Das richtige Dateiformat: PDF, Farben & Auflösung
Damit eure Abizeitung oder euer Abibuch gedruckt exakt so aussieht wie auf eurem Monitor, ist das Dateiformat entscheidend. Unterschiedliche Programme und Einstellungen können zu unerwünschten Überraschungen führen (z. B. verschobene Texte oder unscharfe Bilder).
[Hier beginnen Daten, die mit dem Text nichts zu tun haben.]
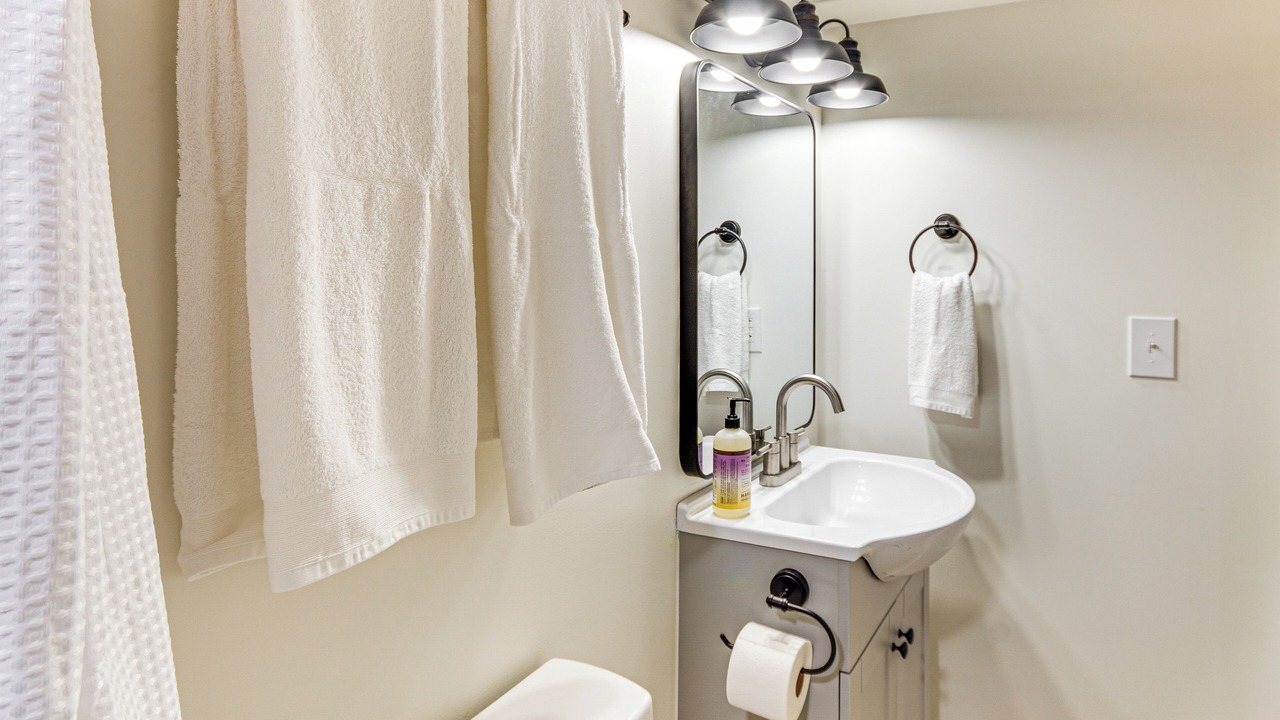 Photo of Bathroom in Tougaloo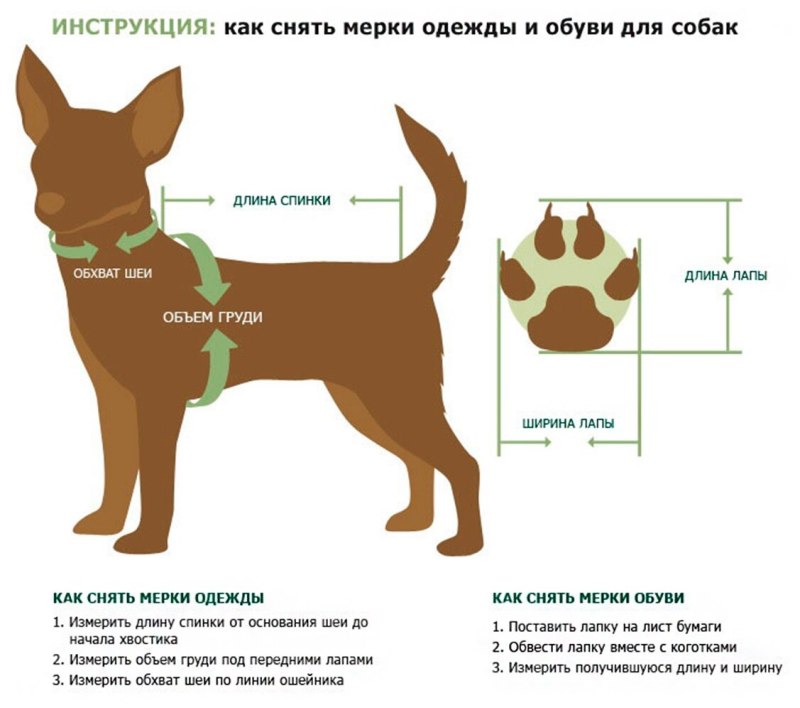 Мерки собак для одежды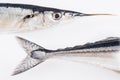 Fresh needlefish for a healthy diet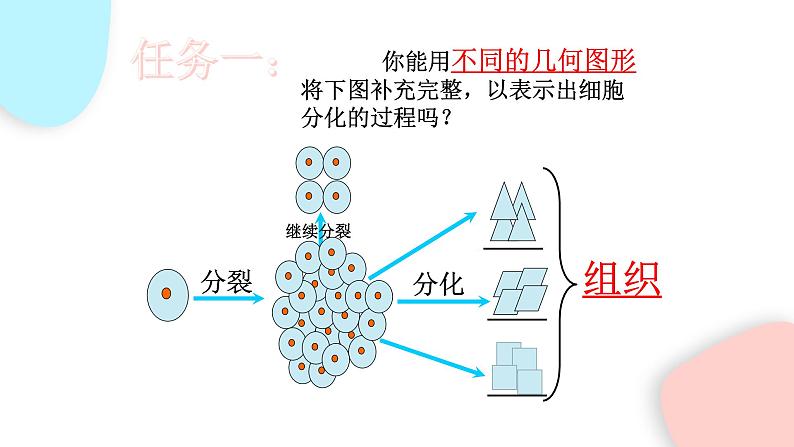 2.2.2 动物体的结构层次 课件 初中生物人教版七年级上册07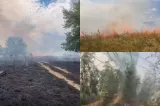Incendiu de vegetație la Podenii Noi: 30 de hectare afectate. Pompierii au intervenit în Valea Dulce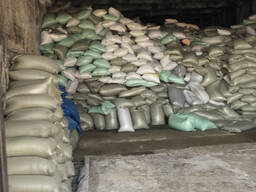 Ячмень фуражный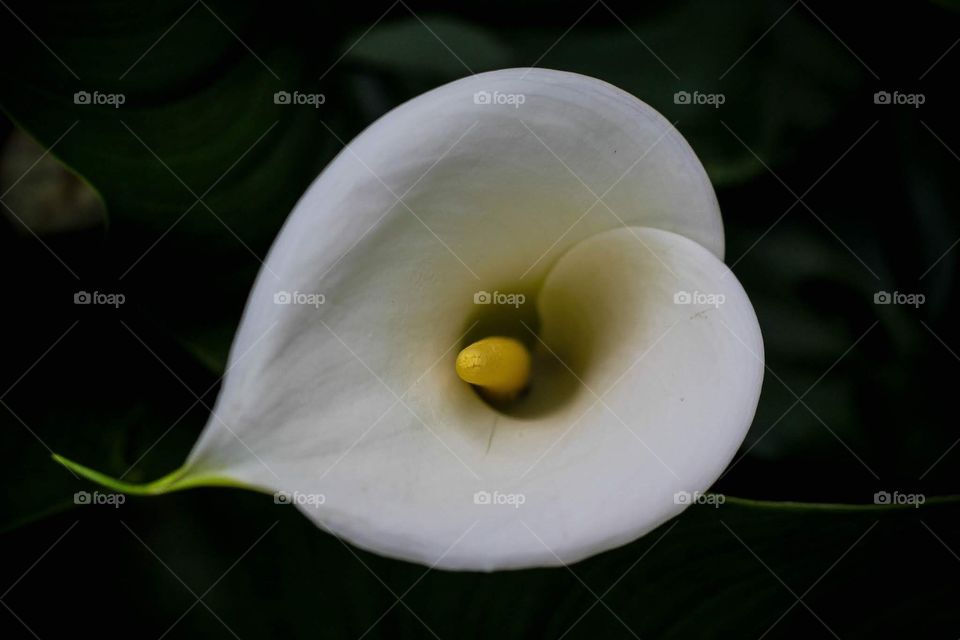 Calla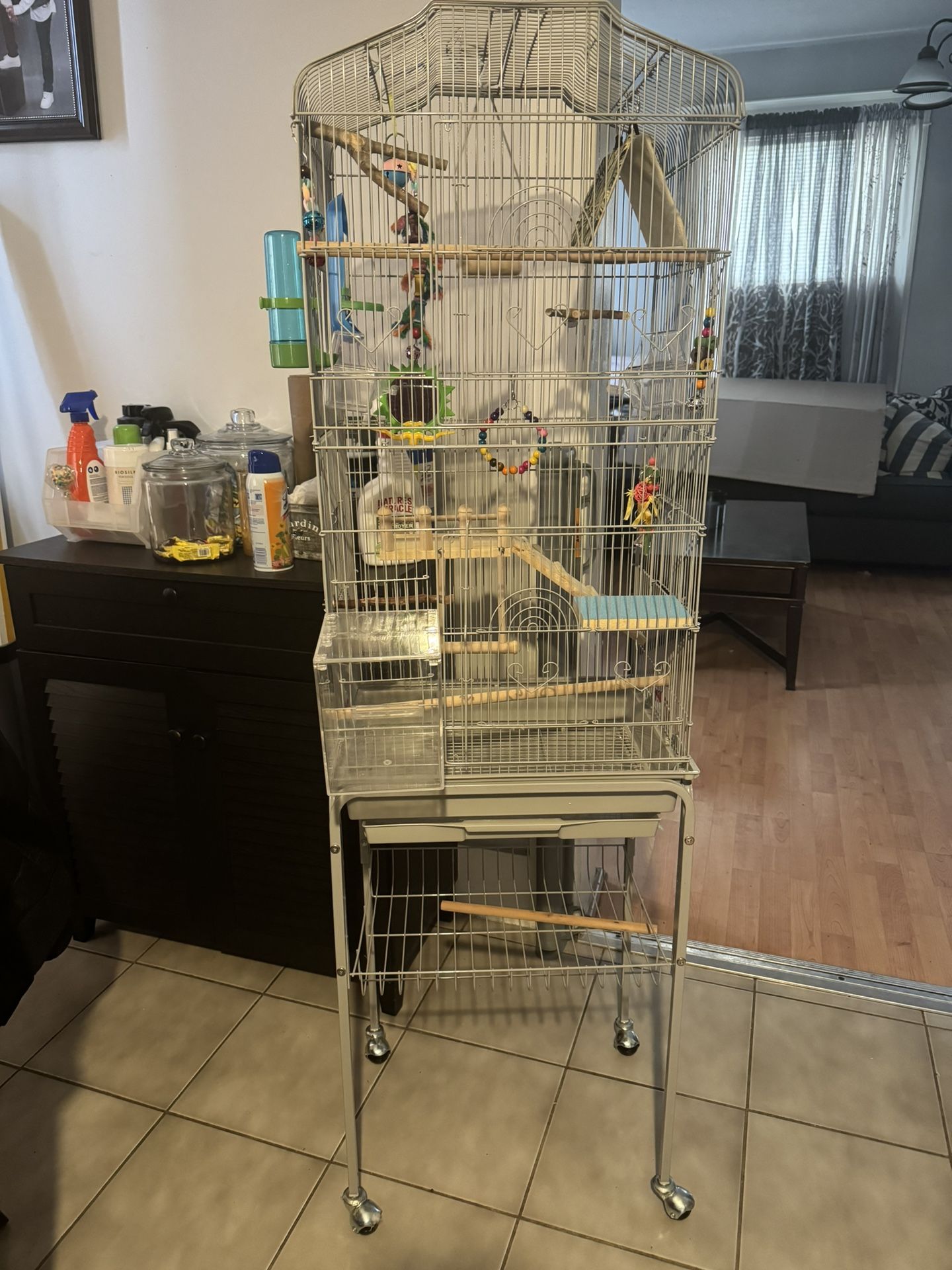 Items For Parakeets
Hier erklären wir euch die drei wichtigsten Punkte für perfekte Druckdaten: PDF-Format, eingebettete Schriften und die richtige Auflösung.
Die 4 Regeln für druckfähige Daten
1. PDF statt Word
Viele Jahrgänge erstellen ihre Layouts in Word oder OpenOffice. Das Problem: Diese Programme sind textorientiert und nicht layout-treu. Wenn wir eure Word-Datei auf unseren Rechnern öffnen, können sich Zeilenumbrüche verschieben oder Schriftarten ändern, wenn wir eine andere Programmversion nutzen.
Die Lösung ist das PDF-Format. Ein PDF funktioniert wie ein digitales Foto eures Layouts: Es "friert" alle Texte, Bilder und Grafiken an ihrer Position ein. So stellen wir sicher, dass das gedruckte Buch exakt eurer Vorlage entspricht.
2. Schriften einbetten
Wenn ihr besondere Schriftarten verwendet, die auf unseren Druckservern nicht installiert sind, ersetzt der Computer diese automatisch durch eine Standardschrift (z. B. Arial). Das zerstört meist das Design.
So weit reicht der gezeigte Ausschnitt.